Relation between CvRDT and CmRDT
Differences
| Criteria | Operation-based CRDTs | State-based CRDTs |
|---|---|---|
| Representation of updates | A sequence of operations | A complete copy of the data structure's state |
| Propagation of updates | Propagate individual operations | Propagate the entire state |
| Convergence | Same sequence of operations in the same order | Associative, commutative, and idempotent merge function |
| Memory overhead | Lower memory overhead | Higher memory overhead |
| Network overhead | Higher network overhead | Lower network overhead |
| Applications | Systems that require low memory overhead and fast convergence | Systems that require low network overhead and simpler merge functions |
Operation-based emulation of a state-based object
Interestingly, it is always possible to emulate a state-based object using the operation-based approach, and vice-versa.
In specification above, we show operation-based emulation of a state-based object (taking some liberties with notation). Ignoring queries (which pose no problems), the emulating operation- based object has a single update that computes some state-based update (after checking for its precondition) and performs merge downstream. The downstream precondition is empty because merge must be enabled in any reachable state.
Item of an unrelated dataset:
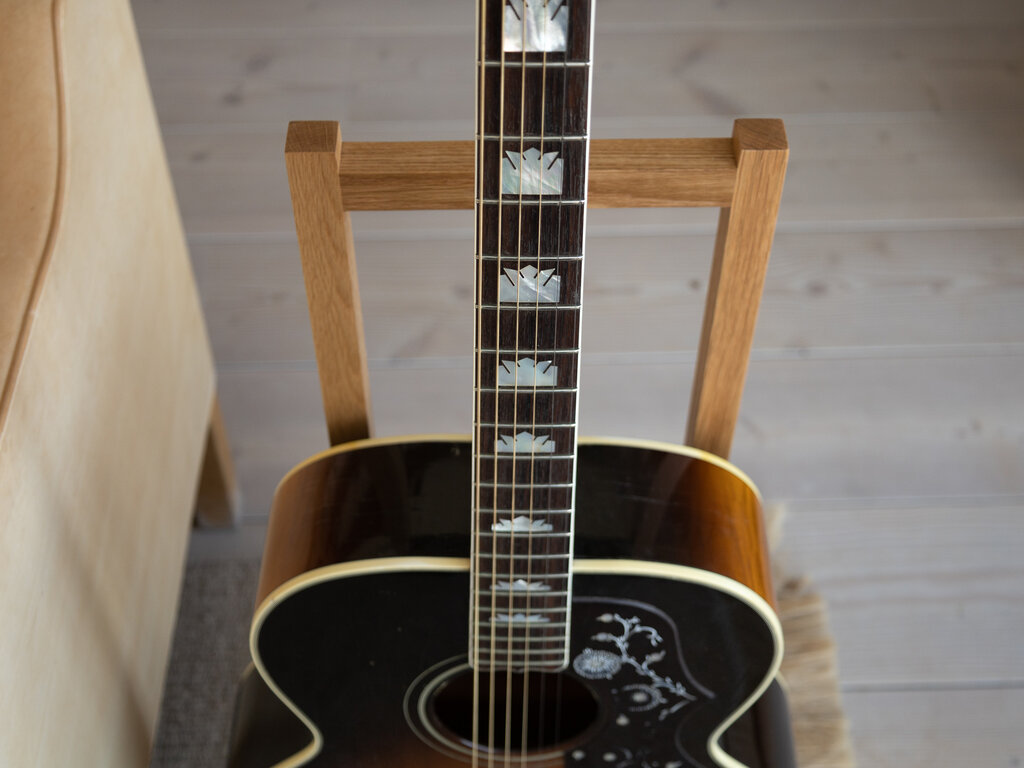 Mjölk Mjölk Guitar Stand (Oak)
The emulation does not make use of compare.
If the base object is a CvRDT, then merge operations commute, and the emulated object is a CmRDT.
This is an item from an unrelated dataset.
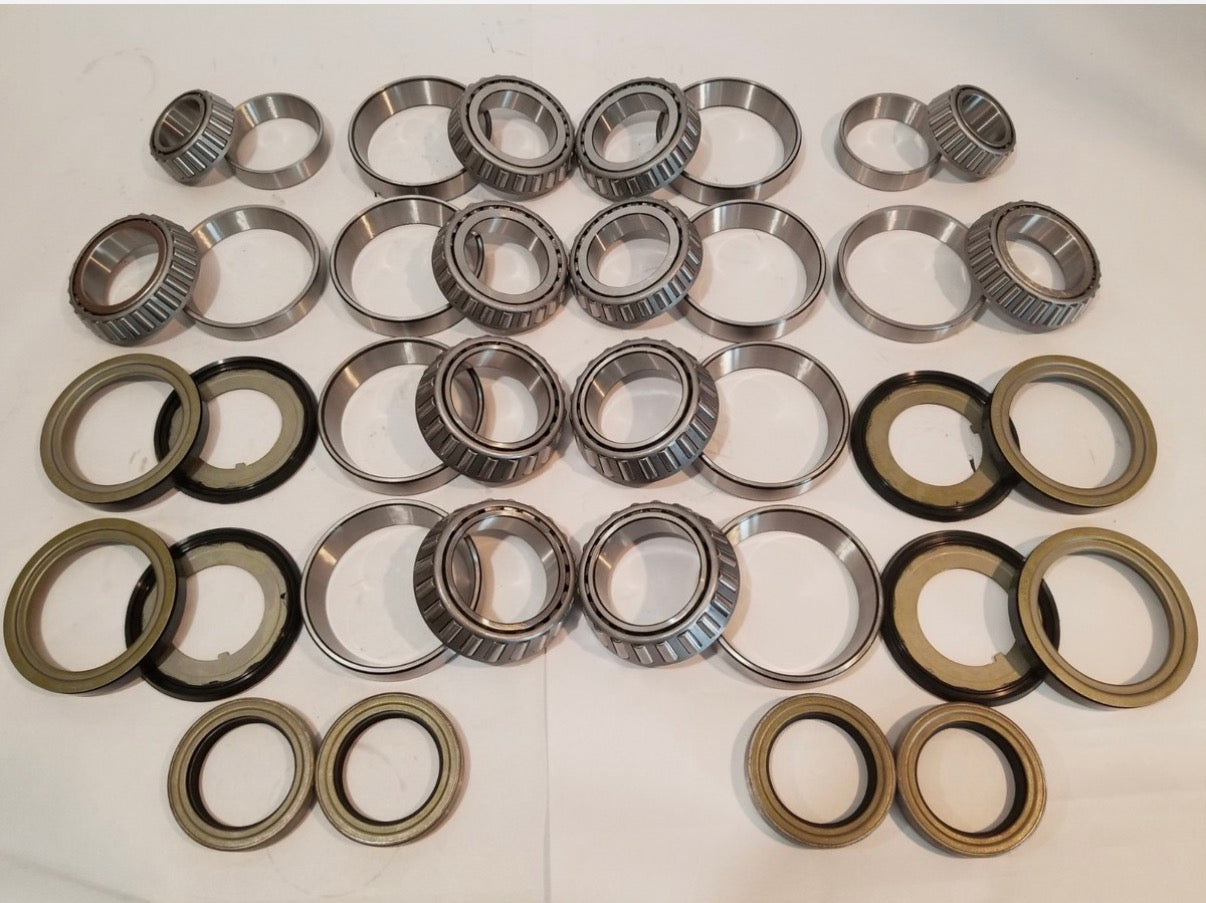 Rockwell 2.5 Ton 2-Axle Hub & Pinion Bearing Kit with Seals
Ref: A comprehensive study of Convergent and Commutative Replicated Data Types
State-based emulation of an operation-based object
State-based emulation of an operation-based object essentially formalises the mechanics of an epidemic reliable broadcast, as shown in Spec. 4 (taking some liberties with notation).
Again, we ignore queries, which pose no problems. Calling an operation-based update adds it to a set of M messages to be delivered; merge takes the union of the two message sets.
When an update’s downstream precondition is true, the corresponding message is delivered by executing the downstream part of the update. In order to avoid duplicate deliveries, delivered messages are stored in a set D.
The states of the emulating object form a monotonic semilattice. Calling or delivering an operation adds it to the relevant message set, and therefore advances the state in the partial order. merge is defined to take the union of the M sets, and is thus a LUB operation. Remark that M is identical to the causal history of the replica; non-concurrent updates appear in M in causal order. If the emulated op-based object is a CmRDT, then delivery order is satisfied. Concurrent operations appear in M in any order; if the emulated object is a CmRDT, they commute. Therefore, after two replicas merge mutually, their D sets are identical and their P payloads have equivalent state.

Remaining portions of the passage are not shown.